• About this exercise
Every line from the one with "自動車教習所が野外音楽フェス会場に変身！無料で楽しめる交通安全啓発イベント開催" to the one with "Used 2024 GMC", including those two, is to be copied exactly; all other lines of the entries below are left out.
Dataset entries START
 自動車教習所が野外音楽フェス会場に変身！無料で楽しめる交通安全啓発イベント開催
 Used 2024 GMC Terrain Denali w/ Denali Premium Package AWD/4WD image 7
Dataset entries END
Dataset entries START
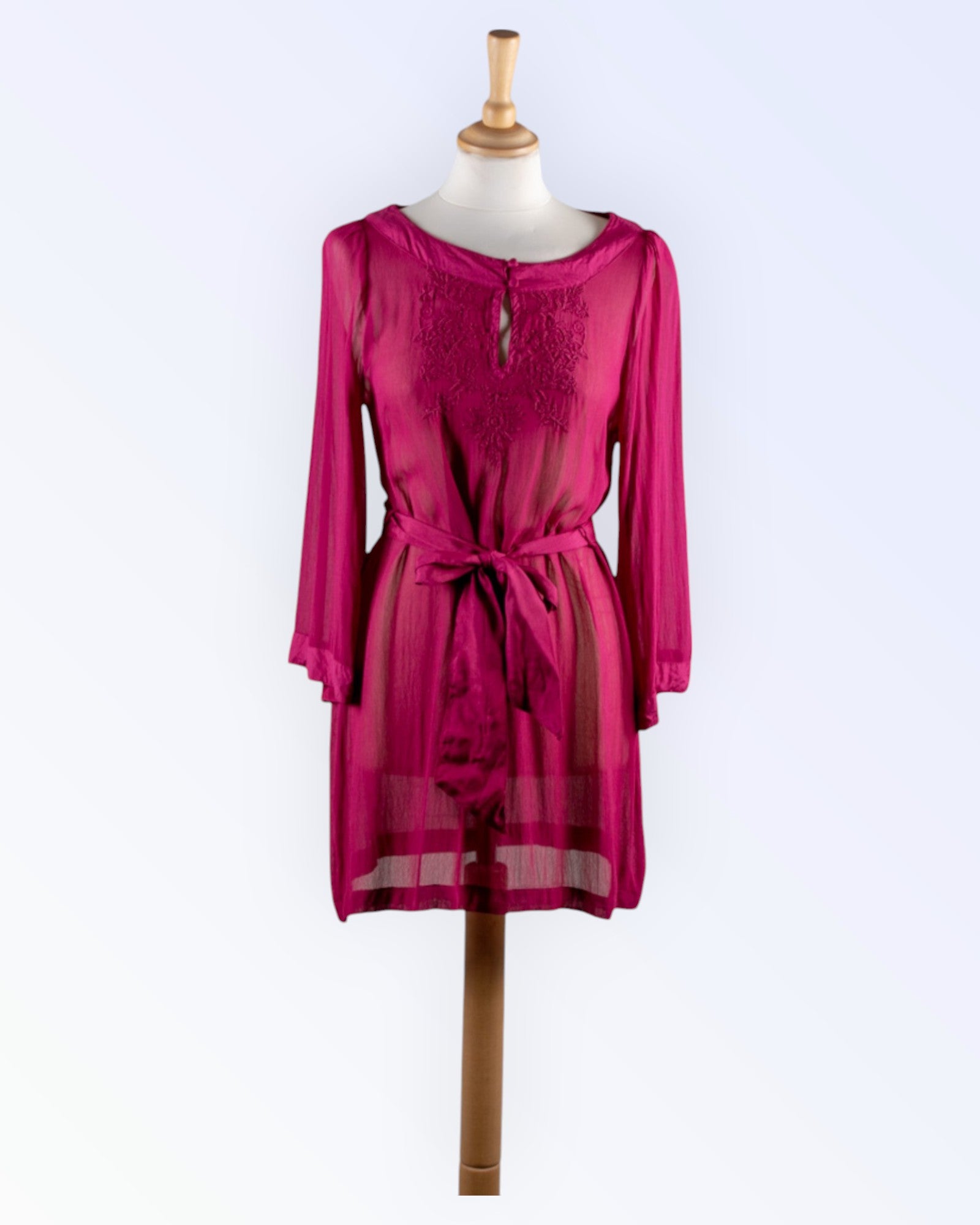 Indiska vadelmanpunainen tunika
Dataset entries END
• Answer below
 自動車教習所が野外音楽フェス会場に変身！無料で楽しめる交通安全啓発イベント開催
 Used 2024 GMC Terrain Denali w/ Denali Premium Package AWD/4WD image 7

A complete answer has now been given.